E descobri que a melhor reação a essa constatação é aquela que trata essas transformações - inclusive as de memória e cognitivas - com naturalidade. Há dois dias eu entendi como quero ser tratada e esse exemplo veio do meu sobrinho.
Eu liguei para ele para saber mais sobre os controles de playstation 4. Eu queria comprar um para o meu afilhado para quem eu já tinha pedido um link com exemplos - e ele tinha mandado - mas queria entender mais sobre o negócio já que quando eu procurei na internet apareceram umas 150 opções. Como nunca joguei Playstation na vida e não tenho conhecimento de causa, fui buscar quem entende.
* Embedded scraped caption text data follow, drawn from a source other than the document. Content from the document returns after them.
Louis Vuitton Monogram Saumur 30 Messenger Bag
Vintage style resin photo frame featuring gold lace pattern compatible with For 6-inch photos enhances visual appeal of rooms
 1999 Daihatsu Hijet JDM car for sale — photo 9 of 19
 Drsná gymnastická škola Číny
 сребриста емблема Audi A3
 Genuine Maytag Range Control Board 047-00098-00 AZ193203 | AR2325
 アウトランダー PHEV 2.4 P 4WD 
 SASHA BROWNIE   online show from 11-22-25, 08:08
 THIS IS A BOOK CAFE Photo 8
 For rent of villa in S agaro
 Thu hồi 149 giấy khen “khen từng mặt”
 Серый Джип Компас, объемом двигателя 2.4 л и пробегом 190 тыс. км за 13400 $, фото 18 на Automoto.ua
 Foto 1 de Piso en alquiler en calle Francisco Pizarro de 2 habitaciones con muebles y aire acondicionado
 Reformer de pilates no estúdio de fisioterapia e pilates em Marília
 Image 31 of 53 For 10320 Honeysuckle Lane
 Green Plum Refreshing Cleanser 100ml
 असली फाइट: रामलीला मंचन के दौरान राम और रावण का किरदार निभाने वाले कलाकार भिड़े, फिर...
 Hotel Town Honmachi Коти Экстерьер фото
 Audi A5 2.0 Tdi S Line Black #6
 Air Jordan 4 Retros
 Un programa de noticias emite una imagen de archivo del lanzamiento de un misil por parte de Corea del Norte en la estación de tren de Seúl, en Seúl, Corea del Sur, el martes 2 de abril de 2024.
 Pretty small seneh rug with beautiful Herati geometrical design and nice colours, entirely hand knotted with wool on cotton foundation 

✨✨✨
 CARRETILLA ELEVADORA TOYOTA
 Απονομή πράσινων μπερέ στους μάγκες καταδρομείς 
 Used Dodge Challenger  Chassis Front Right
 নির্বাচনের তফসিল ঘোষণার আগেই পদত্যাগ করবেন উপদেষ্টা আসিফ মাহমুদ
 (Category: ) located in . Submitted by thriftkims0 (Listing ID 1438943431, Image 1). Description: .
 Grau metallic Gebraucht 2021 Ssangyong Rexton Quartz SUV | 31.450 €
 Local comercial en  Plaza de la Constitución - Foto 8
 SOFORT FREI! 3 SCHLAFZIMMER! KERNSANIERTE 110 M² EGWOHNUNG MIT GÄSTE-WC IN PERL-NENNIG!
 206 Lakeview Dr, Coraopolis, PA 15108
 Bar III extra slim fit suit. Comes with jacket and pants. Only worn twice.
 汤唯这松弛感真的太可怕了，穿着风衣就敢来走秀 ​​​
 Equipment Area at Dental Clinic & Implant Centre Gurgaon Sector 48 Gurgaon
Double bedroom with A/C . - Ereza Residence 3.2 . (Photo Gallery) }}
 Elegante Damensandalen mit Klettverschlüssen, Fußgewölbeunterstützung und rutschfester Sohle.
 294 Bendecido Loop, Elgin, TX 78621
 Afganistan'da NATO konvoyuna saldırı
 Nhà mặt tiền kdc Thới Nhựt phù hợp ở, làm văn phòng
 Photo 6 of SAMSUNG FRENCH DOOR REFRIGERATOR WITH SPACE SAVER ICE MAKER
Com a câmera do celular, falando com ele, eu fui mostrando as opções que estavam na tela do computador para o meu sobrinho, perguntando porque haviam tantas cores.
- são só opções de cores, tia. Os botões são os mesmos.
- E porque que aqui diz Vibration Shock Game? Esse negócio chacoalha também?
- Ah, sim, ele transmite a tensão do que está acontecendo no jogo.
- Hummm e esse aqui que não tem nada de botão aqui na foto? Para que serve?
- Essa é a foto do verso do mesmo controle, tia.
Não tinha como não me sentir uma idiota. Óbvio que era o verso do mesmo produto. Dãrd. Mas o que mais me impressionou foi que não teve risinho jocoso ou cara sarcástica do sobrinho que sabe das coisas e eu não. Ele deu todas as explicações com um cuidado, respeito e carinho que me impressionaram. A normalidade.
Risadas tivemos aqui em casa, quando eu, falando com o filho via câmera do celular, resolvi comentar sobre o link de um artigo que me enviaram, e fiquei tentando encontrar o mesmo celular com o qual eu estava falando com ele para enviar o link...
É, sou a nova versão da pessoa que procura o óculos que está na cabeça. É velhice? Pode ser. E está tudo bem.
Sonhei com você a umas duas noites atrás, você estava ótima, como quando te conheci.
ResponderExcluirVocê havia voltado e então eramos vizinhas, queria te contar que estou grávida agora, aos 35 caminhando para a minha velhice também, porém com gêmeas. (As vezes sinto um pânico, mas esta tudo bem). Todos os dias dou tchau para uma janela que não tenho certeza se era a sua, ensinei a Juliana dar tchauzinho também... Enfim, só para saber que mesmo ficando velha e caminhando para outro lugar, rsrsrs, é e sempre sera lembrada por mim, além dos outros vários amigos e familiares, claro. Saudades Nívea Bona.
Mulher!! Que saudades!! Que notícias fantásticas! Eu nunca esqueço de você e de seu caráter tão forte. Vai dar tudo certo com as gêmeas. Vai ser lindo e recompensador. Vc é lutadora e saberá como e quando precisarão de tudo que você pode dar. Se formos vizinhas como o sonho mostrou, pode deixar que a vó aqui ajuda nos desafios. Em frente sempre minha querida!